Red Lobster continues to refuse to join the seafood boycott. As the world's largest customer of Canada's seafood, they could stop the hunt in a few days time.
Darden linked to lawmaker's improper trips
Tamara Lytle Washington Bureau Chief |
Posted October 19, 2005
WASHINGTON -- Darden Restaurants of Orlando has helped bankroll a foundation that improperly treated a powerful congressman to trips abroad, according to a report released Tuesday by the Center for Public Integrity.
Darden gave $574,000 to the International Foundation for the Conservation of Natural Resources from 2000 to 2004 -- about one-third of the nonprofit group's donations, according to a study of tax records by CPI and the radio group American Public Media.
The foundation has defended Darden on its Web site against protests from animal-rights groups. Those groups, such as the Humane Society of the United States, are angry that the Orlando restaurant chain hasn't boycotted Canadian seafood to draw attention to the clubbing of baby seals there.

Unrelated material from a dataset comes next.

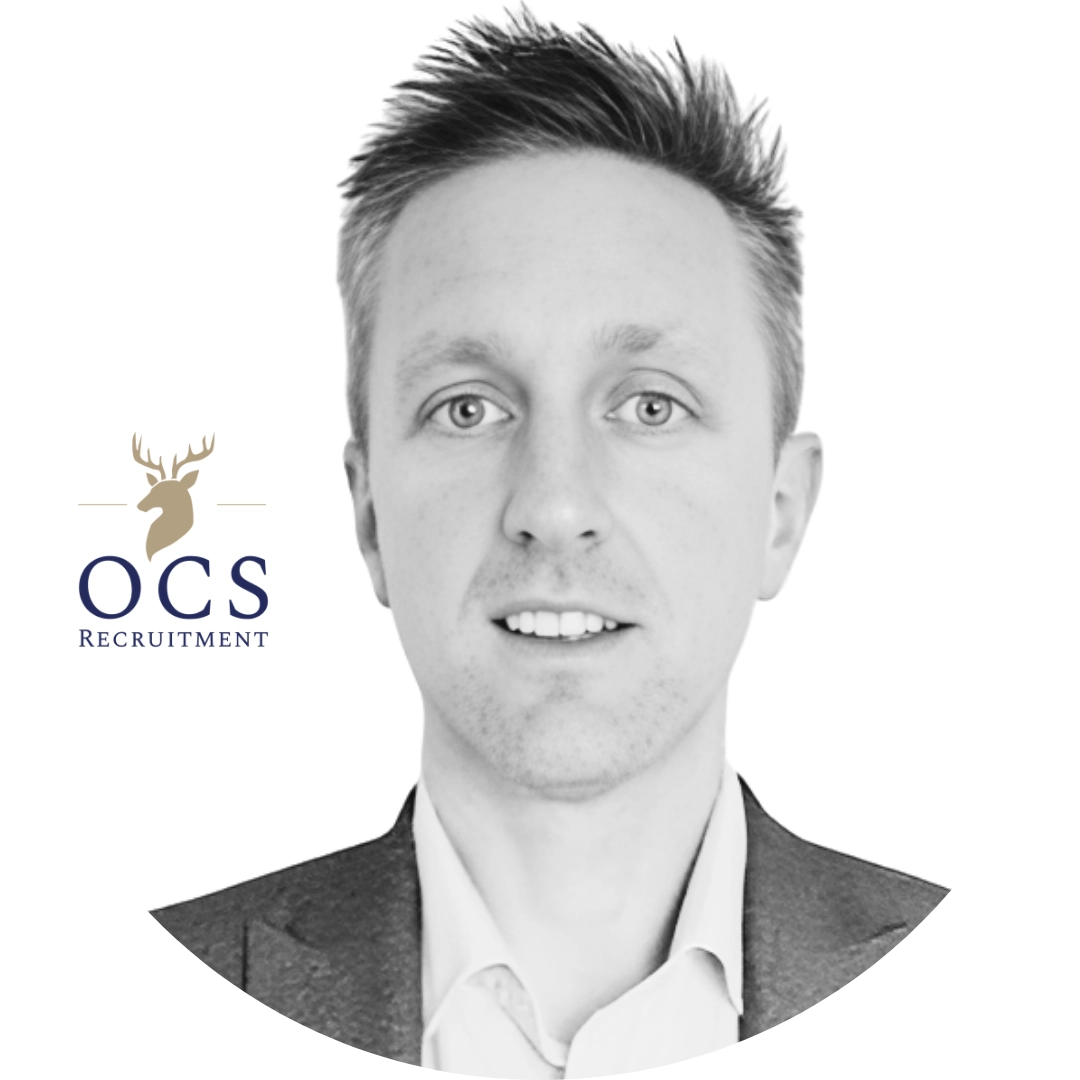 Profile Pictures (2).png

Darden owns Red Lobster and Olive Garden.
Nathan DeVault, a spokesman for Darden, said the company was surprised by the allegations. "While we don't currently contribute to this organization, we have provided contributions for educational efforts on international environmental isues in the past," DeVault said.
Rep. Richard Pombo, R-Calif., chairman of the House Resources Committee, took two trips paid for by the foundation -- to New Zealand with his wife and to Japan with an aide -- at a total cost of more than $23,000, the report showed. Environmentalists complain that Pombo is trying to ruin the Endangered Species Act in a bill that would make major changes to long-held protections.
Most nonprofit groups are allowed to pay for international travel of lawmakers. But the IFCNR is a private foundation, so it falls under different rules that bar tax-exempt gifts of international travel to government officials.
According to CPI, neither Pombo nor IFCNR apparently paid taxes on the trip, which could open them to IRS penalties.
Brian Kennedy, spokesman for Pombo, said his boss will pay the taxes if they are owed. "This is the first he or any of his staff members have ever heard about this part of the tax code," Kennedy said.